What is expected: When writing out the entries below, keep only the lines from the line with "We got the sides" to the line with "Hey guys, MechanicCG", both included, exactly as they are, and leave the pictures aside.

Records:
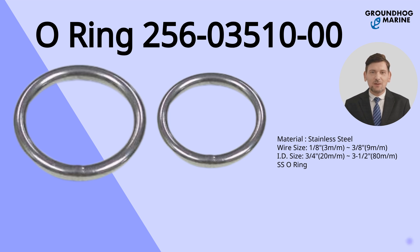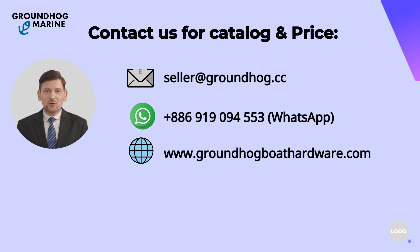Available in stock, ready to ship. Upgrade your boat with Groundhog Marine. If you have anything in demand or are interested in our products, feel free to contact us for wholesale pricing anytime. Thank you.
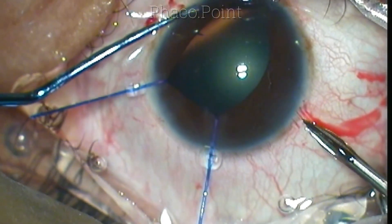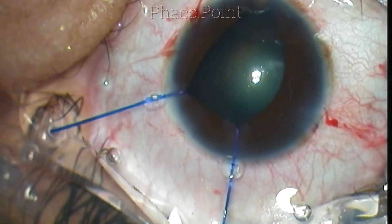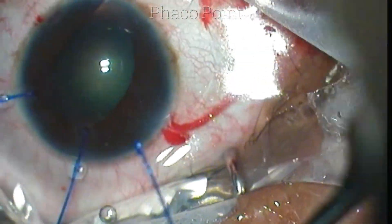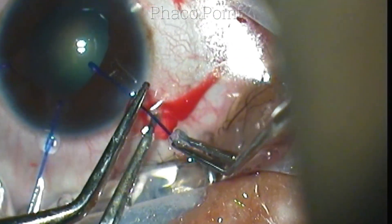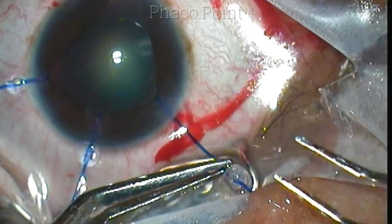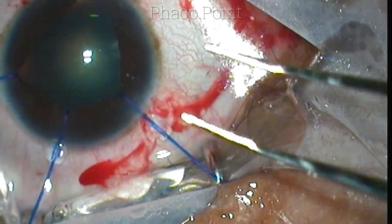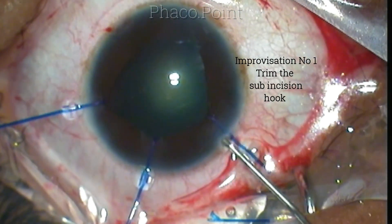Before proceeding, I decide to put in another iris hook just underneath the incision. I create a stab incision which is posterior limbal and completely avoids the clear corneal incision. Holding the flat stopper aligned with the hook, I easily maneuver the hook into place. Having placed all three iris hooks, I found one hook was a little long, so I trimmed it — and this was the first improvisation.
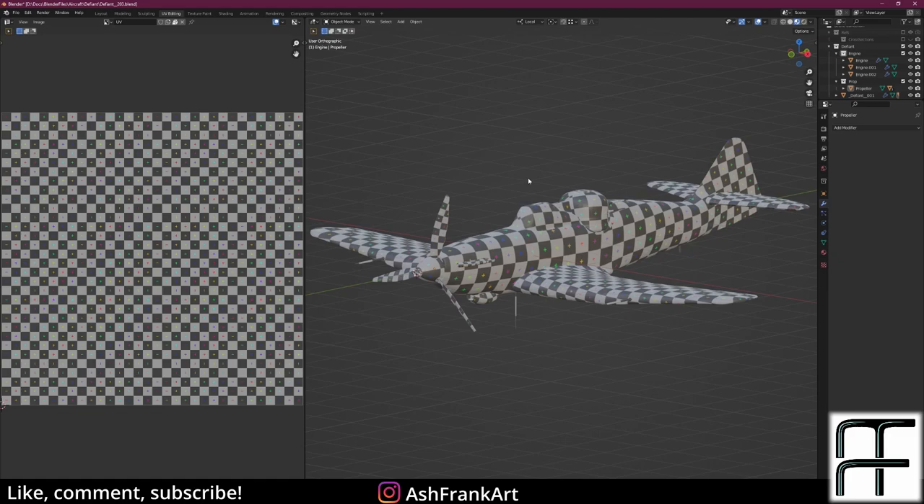Hi there. I was going to show you the same as previously with the modeling process — just taking all the footage I've recorded, speeding it up and putting it into a long but condensed video. However, looking back while editing, I realized there wasn't too much educational content to take from that, and it wasn't always clear what I was doing and why. So instead I've decided to take the finished model and walk you through it.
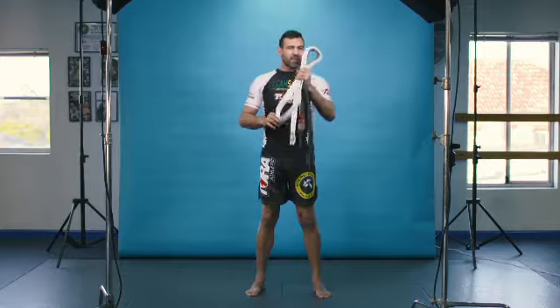Welcome to MMA 101. Today we're going to have a look at a white belt move that's used all the way up to the black belt level. This is the rear naked choke. This move is what Brazilian Jiu-Jitsu is most well known for.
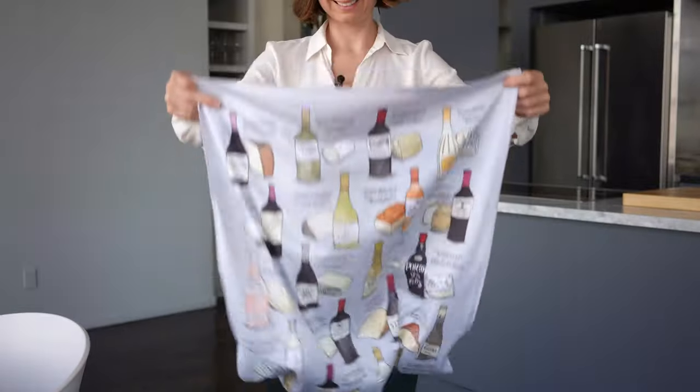You can find these polishing cloths and other amazing bar tools at our shop at WineFolly.com.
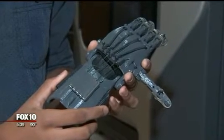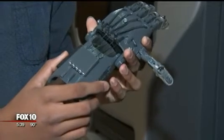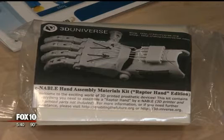Raul J, a student at Basis Chandler, started the Hand Challenge initiative here in Arizona this past summer. His goal: to create, build, and assemble 30 prosthetic 3D hands to be donated to the Hand Challenge, an organization that helps children in need.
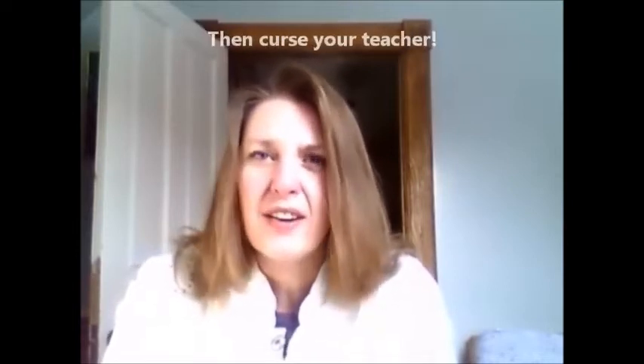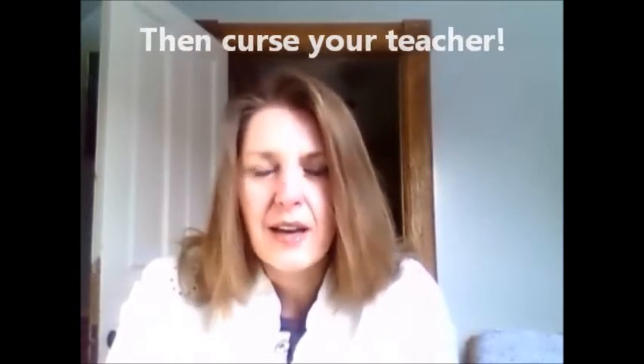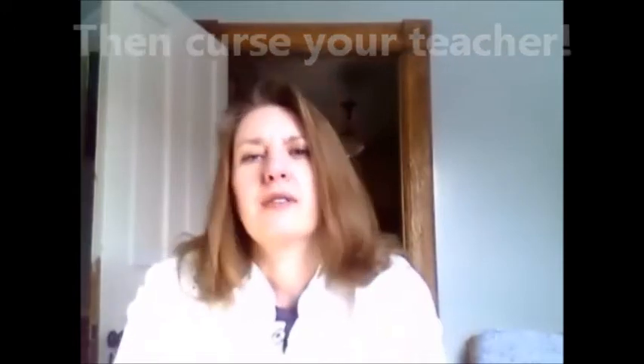This will happen even with a gentle yoga class. You'll come out of that yoga class feeling absolutely fantastic, and then you'll go home and a couple days later you'll think, 'What did I do to myself? Oh my goodness, my body hurts so bad, my neck is sore, my back is really tender.'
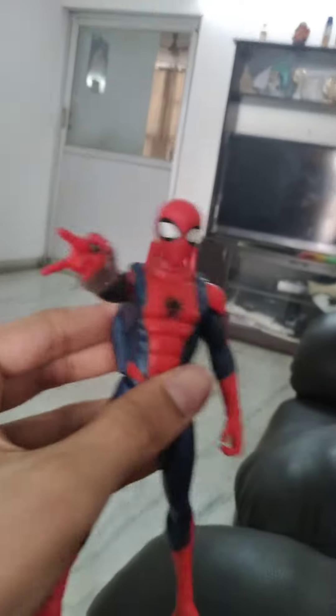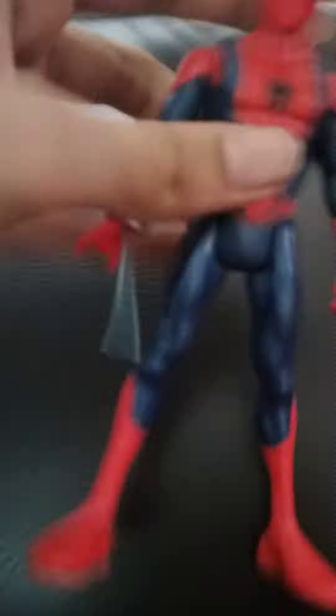Look, it's taking one minute. Yeah! It's the web-shooting Spiderman from Hasbro. Wow, wow, wow! This is a nice story.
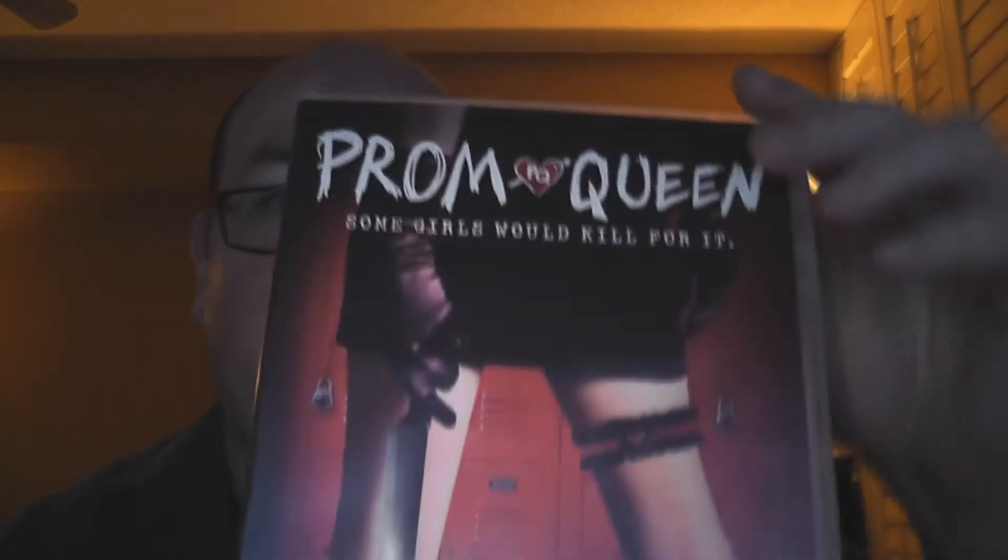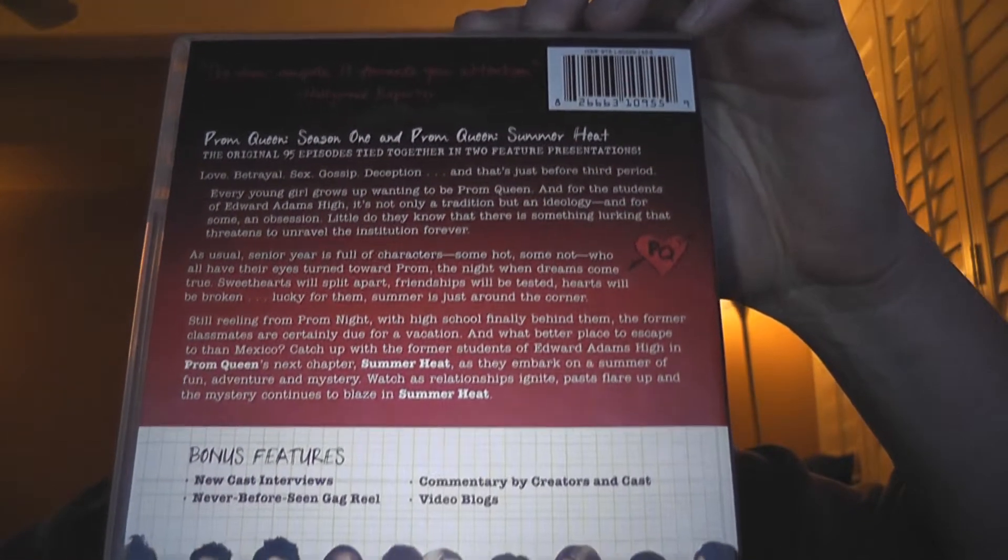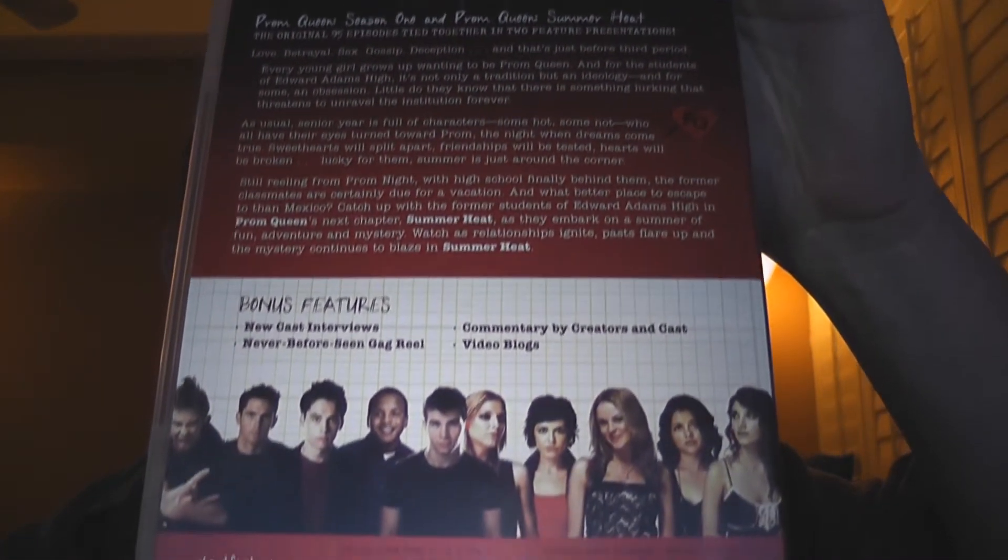So here we go. There is the front cover. There is the back cover - you may want to pause it to give that a read. Then we will open it up and wow, we got all sorts of stuff in here. So let's take a look.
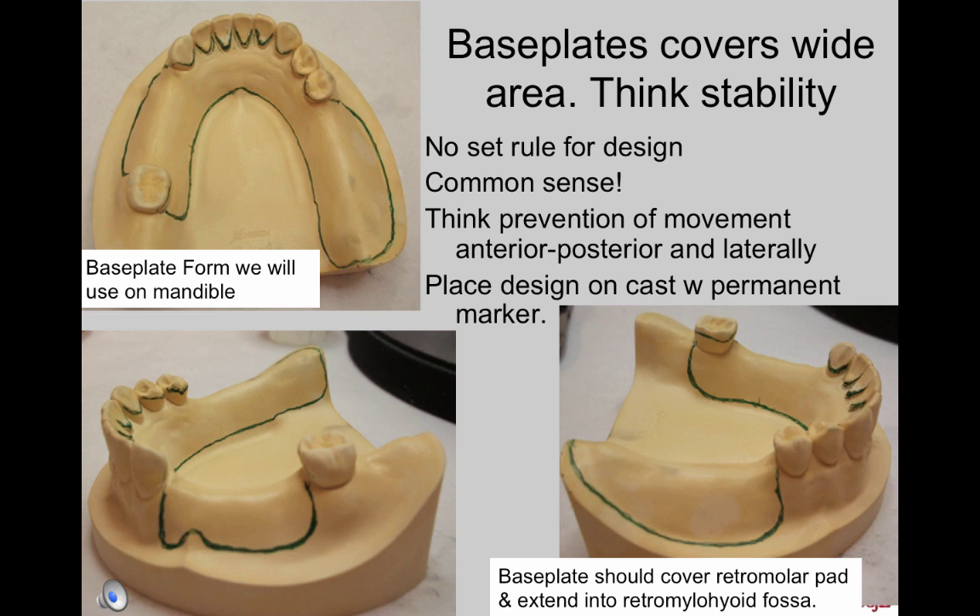Base plates should cover a wide area of the arch for stability and support. There is no set rule for design, but think about where the base plate should touch to prevent movement anteroposteriorly and laterally. On an extension base side, it should cover the retromolar pad and extend into the retromylohyoid fossa for retention. They should not move when taking a jaw registration. Place the design on the cast with a permanent marker — not a lead pencil, as it will get into the record base material and give it a dirty finish. Soak the cast before beginning, and you may place a very thin layer of Vaseline on the cast as a separating medium, though it isn't necessary if you keep the cast wet.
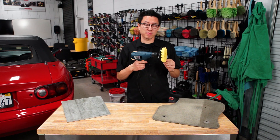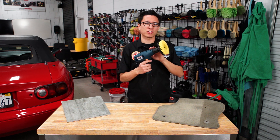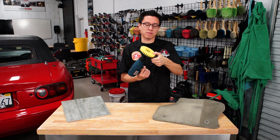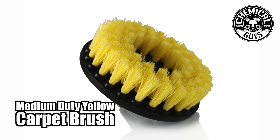This brush is made from high grade materials including an injection molded plastic base, a steel drill bit that attaches to the shank on any power drill, and medium grade yellow nylon bristles good for lighter duty cleaning on durable surfaces.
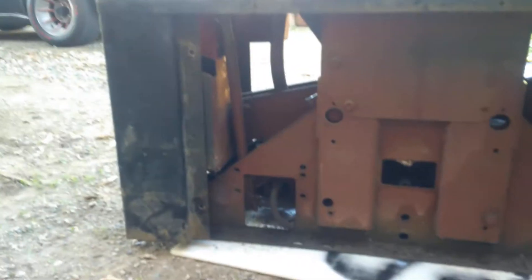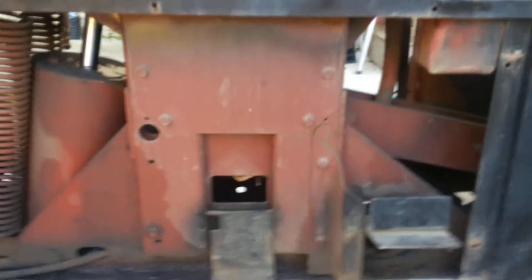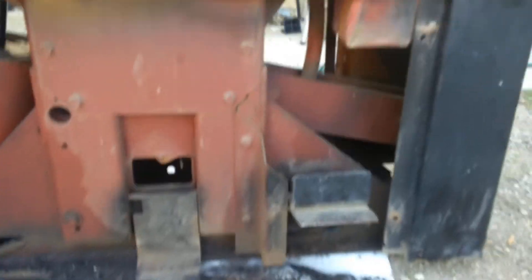We got the sides off — pretty rusty in there, but I think it's all surface rust. That's pretty good steel anyway. Got this side off as well, a lot of dirt in there, so we cleaned it out.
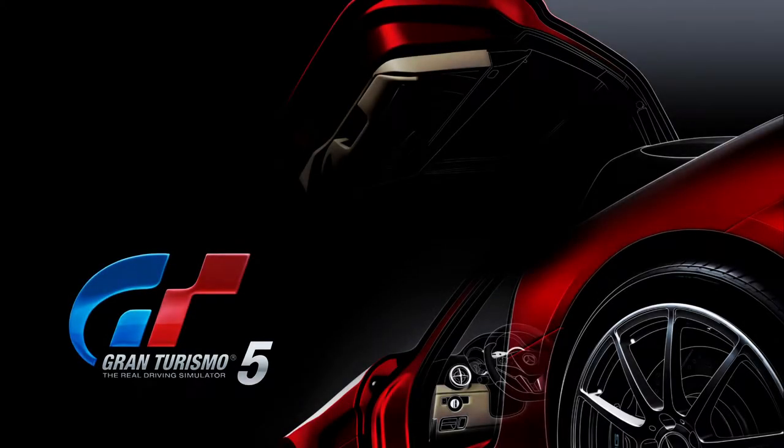Hey guys, MechanicCG here. Welcome back to another episode of Gran Turismo 5. Today is episode number 11. Hopefully you guys enjoy.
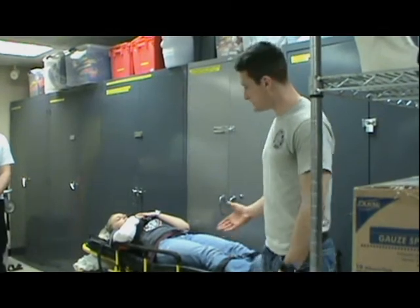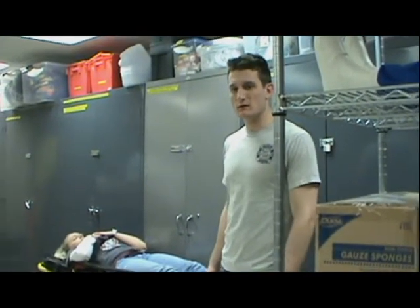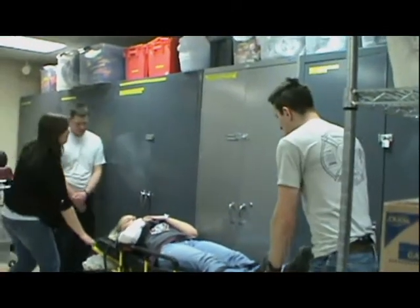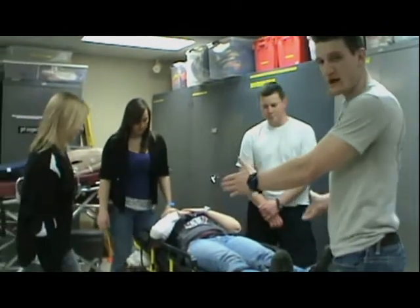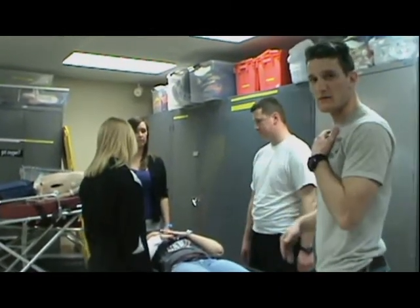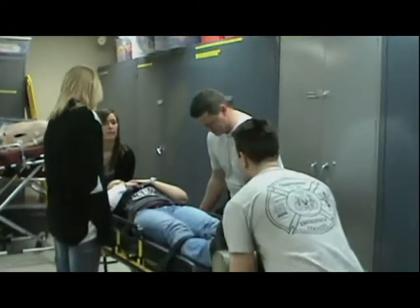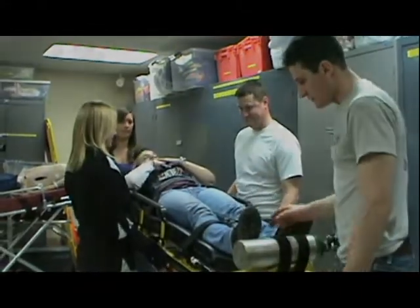We're going to demonstrate picking her up, and then we'll be done with this demonstration. Let's move her out — we'll have four people: my two firefighters on each side, and the attendant and the partner always at the head and the feet. Up on three: one, two, three. And now we're good.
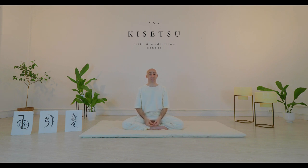Very good. I'll see you in the next class. Thank you.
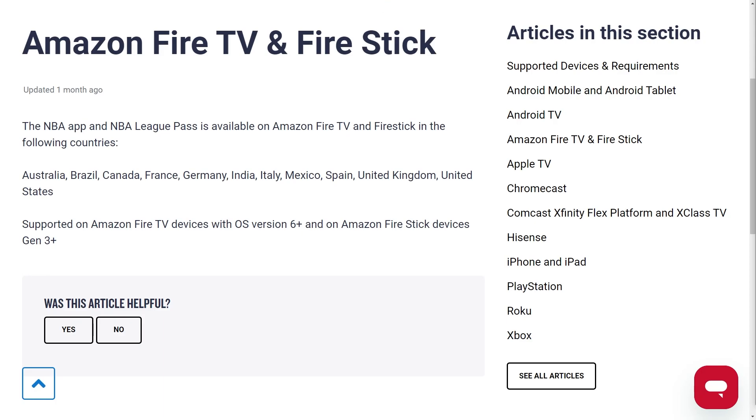Hello and welcome back to another video. Today I'm going to be showing you how you can get the NBA League Pass on your Fire Stick. This is a very quick and simple thing to do, so make sure you watch this video all the way to the end so you don't miss any important steps.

Solution to this exercise:
We got the sides off — pretty rusty in there, but I think it's all surface rust. That's pretty good steel anyway. Got this side off as well, a lot of dirt in there, so we cleaned it out.
Hey guys, MechanicCG here. Welcome back to another episode of Gran Turismo 5. Today is episode number 11. Hopefully you guys enjoy.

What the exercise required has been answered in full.